Aujourd’hui, notons que l’individu vit assiégé par les autres, leur regard et, avec le mythe obsédant de la transparence nous subissons l’exigence de visibilité, visibilité essentielle, existentielle : être connu, c’est quand on remarque votre présence dans une soirée mondaine ; être célèbre, c’est quand on remarque que vous n’y êtes pas. Entre les deux, l’individu et son besoin éperdu d’être sinon renommé, connu, au moins reconnu par ses semblables, perdu sans cela, renvoyé au néant social de sa solitude. Car, dans notre société, nous sommes toujours jugés, toujours évalués, surévalués, dévalués dans la folie quantitative de notre époque où tout est mesuré, chiffré : on nous demande d’évaluer le coursier, le magasin, le service, le produit. Tout en numéro, numérisé : le numérique.

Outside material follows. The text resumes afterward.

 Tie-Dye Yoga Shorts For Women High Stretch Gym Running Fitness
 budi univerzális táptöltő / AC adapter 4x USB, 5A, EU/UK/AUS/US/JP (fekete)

Ici, l’anonyme personnage, sombrant « dans l’inexistence » (p. 35), dit :

« j’avais le sentiment qu’une indifférence implacable marchait à côté de moi. »

Ne pas exister aux yeux d’autrui, on l’a souvent éprouvé, c’est mourir de froid au seuil de leurs regards. Et je me demande : serait-ce par la terreur d’être invisible dans la foule que tant de gens multiplient les selfies, les portraits d’eux-mêmes ? Sous le badinage des dialogues vifs, on perçoit un sentiment tragique de l’existence sociale aujourd’hui.

De la fausse fantaisie sociale, on passe à la folie.

IV. Le neveu fou

 Ce texte me fait penser à L’amour de lonh, ‘L’amour de loin’ du troubadour Jaufré Rudel, amoureux, sans la connaître, de la Princesse de Tripoli. Ici, c’est d’une ville vue en photo[3] que s’éprend le héros.

Est-ce une fascination ou une fuite ? Lui aussi, comme le loser du précédent conte, avoue tenter « d’occuper une place ou de gravir les échelons d’une hiérarchie ». (p. 55)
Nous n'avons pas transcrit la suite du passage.